Four of the sections work in ways that will be very familiar to veterans of this style of game. For example: cards for the third row, the river, let you fill in the number on the card into the leftmost empty box on your sheet’s river, but only if the number is higher than the number to its left, something you’ll find in one of the Clever games. Cards for the second row just show that section’s symbol and you fill in the next box left to right, gaining points if you have the most boxes filled in there whenever there’s a scoring, and losing if you have the fewest. The fifth section, the monuments, is the most challenging, as there are eight distinct monuments, each with three spaces, and you can only mark off a space under a monument if one of its three matching cards is revealed—you can’t mark a Sphinx’s space with the Pyramids card, for example. There are two bonuses if you mark off at least one space in all eight monuments, but the biggest rewards come from completing all three spaces in one monument.

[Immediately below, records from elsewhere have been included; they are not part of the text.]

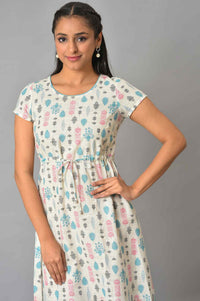 Lavender Floral Printed Plus Size Cotton kurta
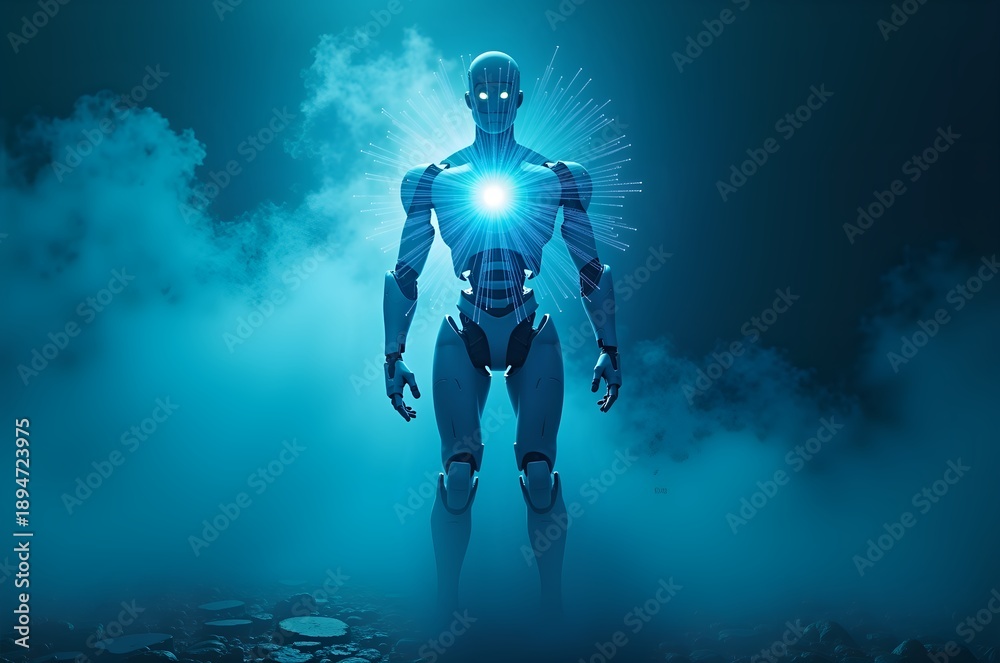Fototapeta premium Blue Robot Figure Radiating Light Against a Dark Backdrop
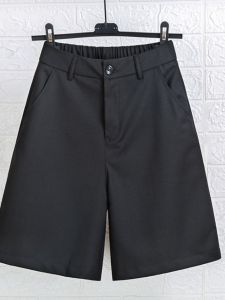 High Waist Wide Leg Five-Quarter Length Thin Suit Shorts for Women Casual Style Summer New Arrival plus Size Pocket Handkerchief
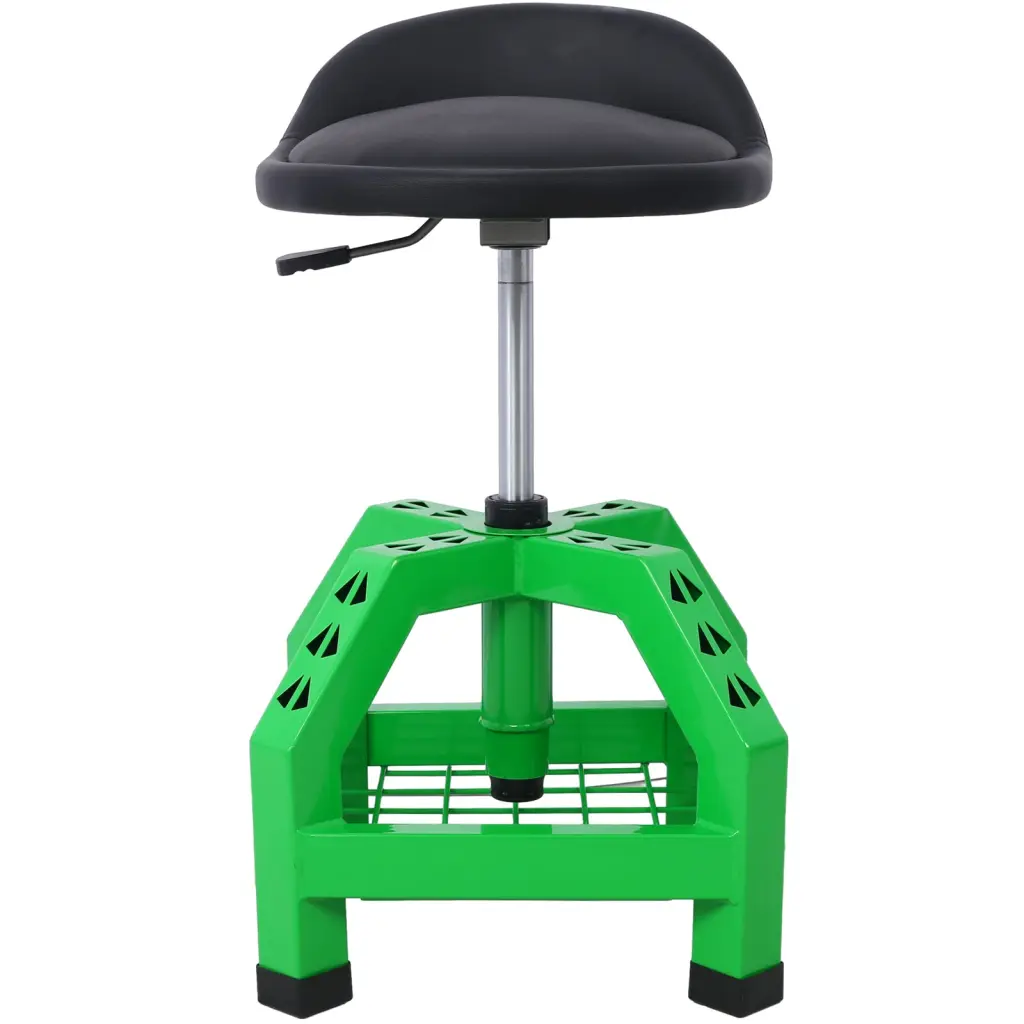 Pneumatic 360 Degree Swivel Stool, Mechanics Rolling Creeper Seat Headrest g-h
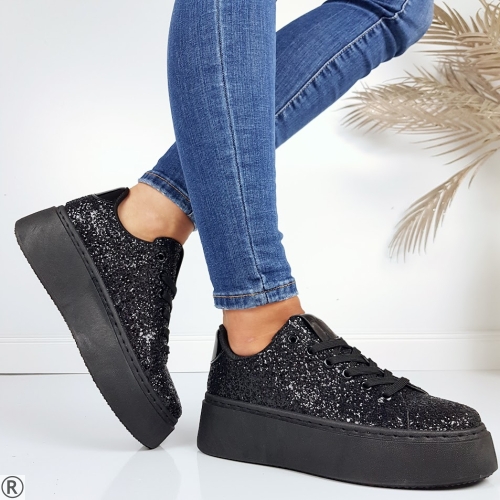 Черни дамски кецове с брокат- Stela Black 11202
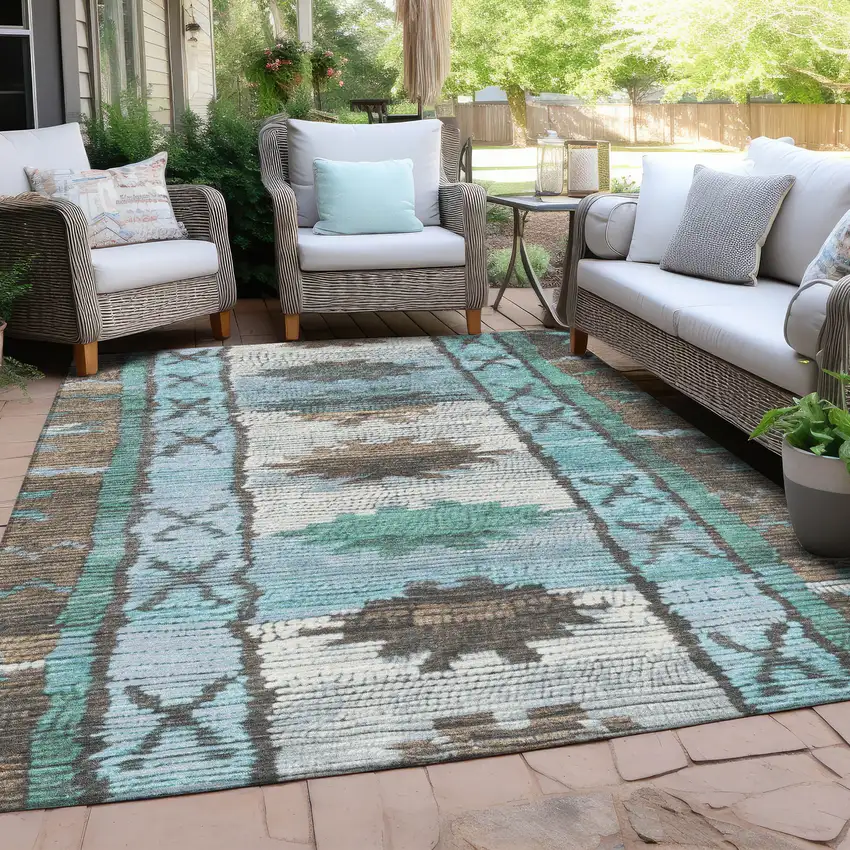 Brown And Teal Blue Tribal Washable Indoor Outdoor Area Rug Photo 5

Therefore, if you miss one of that monument’s cards, such as when the active player chooses it and you’re unable to do so, you have to try to finish it with one of the limited number of bonuses available.

One aspect of Ra that’s missing in Ra And Write is the auction mechanic, which became a sort of early calling card for Knizia, the most prolific board game designer in the world. He had several early successes in the 1990s, including his tile-laying games (Samurai, still my favorite of his; Tigris & Euphrates) and his auction games (Ra, Medici). This game doesn’t feel a lot like a Knizia game, however, beyond the fact that it does “work”—his games are always done mechanics first and themes last, so nearly all of them play pretty flawlessly, and this one does as well.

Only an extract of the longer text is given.